Directions:
Among the entries below, please show each line that carries the word "Photo".

Supplied material:
============

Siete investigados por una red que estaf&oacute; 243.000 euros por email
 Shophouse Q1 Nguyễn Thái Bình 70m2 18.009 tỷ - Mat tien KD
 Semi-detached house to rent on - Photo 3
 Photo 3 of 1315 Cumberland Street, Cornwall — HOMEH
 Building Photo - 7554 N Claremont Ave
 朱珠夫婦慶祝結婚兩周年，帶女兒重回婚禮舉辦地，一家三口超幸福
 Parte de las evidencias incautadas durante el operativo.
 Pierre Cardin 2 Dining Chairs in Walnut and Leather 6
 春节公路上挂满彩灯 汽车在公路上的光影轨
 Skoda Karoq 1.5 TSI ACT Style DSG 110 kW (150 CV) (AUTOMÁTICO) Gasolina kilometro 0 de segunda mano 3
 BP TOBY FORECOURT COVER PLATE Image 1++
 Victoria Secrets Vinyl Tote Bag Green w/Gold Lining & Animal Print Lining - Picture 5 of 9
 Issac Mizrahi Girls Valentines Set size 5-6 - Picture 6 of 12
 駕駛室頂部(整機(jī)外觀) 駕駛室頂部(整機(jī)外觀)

============

Answer to this problem:
 Semi-detached house to rent on - Photo 3
 Photo 3 of 1315 Cumberland Street, Cornwall — HOMEH
 Building Photo - 7554 N Claremont Ave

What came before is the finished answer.